全仏オープン開幕。錦織圭は「赤い土」を制することができるか

  • 内田暁●文 text by Uchida Akatsuki
  • photo by AFLO

 だが最近になり、錦織のクレーコートに対する思いや発言に、ある変化が現れている。

 例えば、現時点での目標をグランドスラムのベスト4以上に掲げながらも、「全仏では難しいだろう」と口にした。「かなりクレーでの自信もついてきたけれど、やはりまだまだ経験が足りない」のがその理由であり、「プロの世界で上に行けば行くほど、クレーで1ポイントを取る大変さが分かってきました」とも言う。

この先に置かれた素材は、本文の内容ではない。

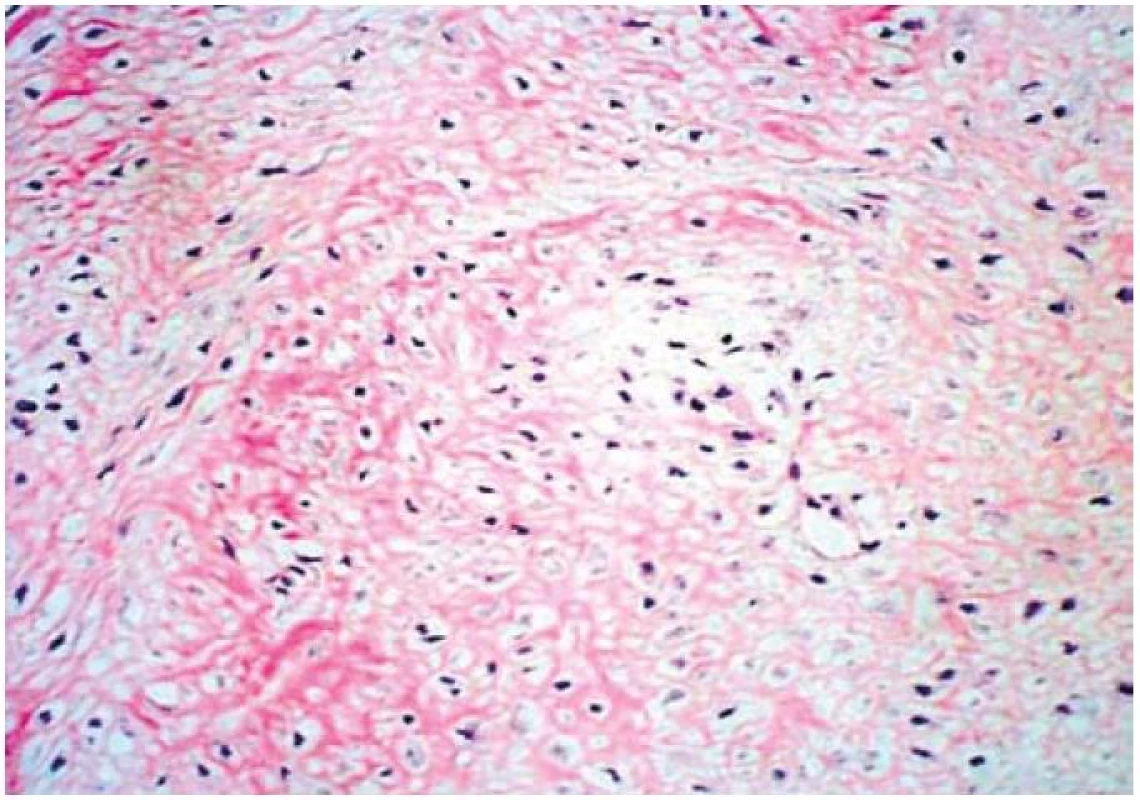 Histologický nález, farbivo hematoloxylin-eosin – neostro ohraničená, infiltratívna lézia s vretenovitými fibroblastami uloženými v kolagénnej stróme.
Fig. 3. Histological investigation suggested poorly demarcated infiltration with spindle fibroblasts on the collagenous tumour stroma (hematoxyline-eosine staining).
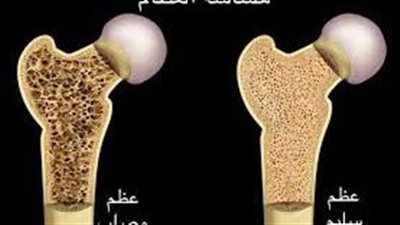 هشاشة العظام.. كيف تحمي عظامك من الكسر؟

 これら一連の発言だけを取り上げると、まるで錦織が、ここ数年でクレーに対し苦手意識を抱いたように感じられるかもしれない。

 だが、そうではない。

 ここ数年で錦織の意識に変わったものがあるとすれば、それは頂点への距離感と、その手応えへの肌触りだろう。グランドスラムでシードの栄誉を与えられるまでに成長した今、錦織は希望的観測に目標を重ね、それを軽々しく口にするようなことはしない。ひとつの勝利どころか、ひとつのポイントを奪うことの困難さを知るからこそ、今の彼はどこまでも現実主義者だ。そのようなトッププロの現実主義の前では、「一番好き」だったクレーコートですら、「まだまだ経験が必要」なサーフェスへと姿を変える。未来のみに視点を向ける錦織にとって、少年時代に抱いた好感触は、もはや過去でしかないのだろう。

 それにしても、これも運命の巡り合わせだろうか。錦織少年が欧州の赤土で世界への足がかりを得たあの日から、10年後――。プロテニスプレーヤー錦織圭は、今年の全仏で「トップ10」という大きな夢の実現を目指している。